Hundreds of supports packed the steps on a cold St. Patrick’s Day afternoon with chants of “Mayor Liu, Mayor Liu” echoing from above his podium. There were hundreds more standing outside the gates along Park Row, unable to make it through a security check in time for the celebration.
His wife Jenny and son Joey joined Liu as they squeezed through the crowd. Liu stressed his Taiwanese background, as well as the integral role he said the city school system played in his success.
“I, as a son of immigrants, a product of public schools who left the private sector for public service, announce that I am running to be mayor of our great city of New York,” Liu told supporters. “Because this city used to make a promise with us, that every single New Yorker can have the opportunity to succeed, I’m going to make damn sure that promise is fulfilled.”
Since he took over as city comptroller in 2009, Liu has successfully audited the Metropolitan Transit Authority, the CityTime Project, and the 911 call system, as well as produced more than $3 billion in cost savings for the city.
In response to recent fraud allegations over campaign funds, Liu said, “When you go after powerful people and rich corporations, they’re going to come for you.

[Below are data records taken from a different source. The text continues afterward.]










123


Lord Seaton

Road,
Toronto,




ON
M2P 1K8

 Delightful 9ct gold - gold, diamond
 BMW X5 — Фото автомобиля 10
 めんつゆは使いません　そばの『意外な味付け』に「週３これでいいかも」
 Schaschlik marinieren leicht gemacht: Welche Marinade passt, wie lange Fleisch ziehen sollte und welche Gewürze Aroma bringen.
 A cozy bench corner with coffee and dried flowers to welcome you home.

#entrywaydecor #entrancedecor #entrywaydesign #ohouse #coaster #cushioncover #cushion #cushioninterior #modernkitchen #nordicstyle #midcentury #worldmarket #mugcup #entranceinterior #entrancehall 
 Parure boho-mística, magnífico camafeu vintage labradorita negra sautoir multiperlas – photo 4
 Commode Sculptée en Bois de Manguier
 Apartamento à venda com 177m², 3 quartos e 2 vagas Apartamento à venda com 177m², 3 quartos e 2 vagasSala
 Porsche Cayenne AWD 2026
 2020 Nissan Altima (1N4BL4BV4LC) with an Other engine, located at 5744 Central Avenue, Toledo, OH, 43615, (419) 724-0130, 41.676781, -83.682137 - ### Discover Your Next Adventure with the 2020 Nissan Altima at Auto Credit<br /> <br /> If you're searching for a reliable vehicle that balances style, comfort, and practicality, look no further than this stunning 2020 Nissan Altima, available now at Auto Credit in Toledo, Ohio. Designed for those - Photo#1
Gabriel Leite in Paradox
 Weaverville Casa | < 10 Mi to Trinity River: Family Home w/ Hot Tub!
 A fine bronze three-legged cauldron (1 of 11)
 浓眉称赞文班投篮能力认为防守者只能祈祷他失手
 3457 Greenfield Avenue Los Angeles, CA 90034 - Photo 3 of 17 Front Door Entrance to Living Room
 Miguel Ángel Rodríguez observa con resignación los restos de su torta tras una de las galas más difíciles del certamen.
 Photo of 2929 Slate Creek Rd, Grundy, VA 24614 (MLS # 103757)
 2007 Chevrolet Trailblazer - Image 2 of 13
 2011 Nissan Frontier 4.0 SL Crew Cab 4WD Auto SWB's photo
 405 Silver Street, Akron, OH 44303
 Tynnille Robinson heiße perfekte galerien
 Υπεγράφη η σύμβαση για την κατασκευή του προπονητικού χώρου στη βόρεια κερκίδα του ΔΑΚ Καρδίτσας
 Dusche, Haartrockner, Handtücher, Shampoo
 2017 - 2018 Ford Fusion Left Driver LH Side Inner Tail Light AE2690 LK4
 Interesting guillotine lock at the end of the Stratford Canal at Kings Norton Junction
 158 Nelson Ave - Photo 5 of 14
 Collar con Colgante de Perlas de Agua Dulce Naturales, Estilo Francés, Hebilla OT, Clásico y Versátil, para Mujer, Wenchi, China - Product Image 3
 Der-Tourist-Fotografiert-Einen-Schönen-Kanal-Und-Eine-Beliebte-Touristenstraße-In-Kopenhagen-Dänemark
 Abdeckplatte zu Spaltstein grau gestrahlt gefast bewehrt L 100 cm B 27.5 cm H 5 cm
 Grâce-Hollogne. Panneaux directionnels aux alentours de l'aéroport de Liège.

They have certainly made my life difficult.”
Liu’s former campaign treasurer Jia Hou and top fundraiser Xing Wu Pan were arrested after allegedly assisting in pipelining campaign money to Liu’s mayoral candidacy and ignoring campaign contribution limits.
“Let me be clear, we are not backing down,” Liu said.
As Liu is nearing his campaign-spending limit, reportedly receiving $3,229,794 from 5,192 donors since November 2010, he currently reported having $2,039,217 in cash on hand.
On his 14-hour campaign bus tour of the city on Sunday, Liu started off the morning with church services at the Bedford Central Presbyterian Church at 1200 Dean St. and the nearby Concord Baptist Church of Christ on Gardner Taylor Boulevard in Bedford-Stuyvesant.
He stopped in at WBLS 107.5 FM Radio and Solleil 97.5 FM, as well as coffee shops in Brighton Beach, the Bronx and Washington Heights before ending his night at the Bukharian Jewish Community Center in Forest Hills for a dinner banquet.
“As mayor, I will do what I have always done as a council member and comptroller, and stand up to every powerful person or entrenched interest who’s standing in the way of what’s right,” he said at City Hall. “That’s called leadership.”
Liu now joins the Democratic Primary race with former Councilman Sal Albanese, Public Advocate Bill de Blasio, Speaker Christine Quinn and former Comptroller Bill Thompson.
His possible Republican opponents include New York businessman John Catsimatidis, former Metropolitan Transportation Authority chairman Joseph Lhota, and George McDonald, head of The Doe Fund charity.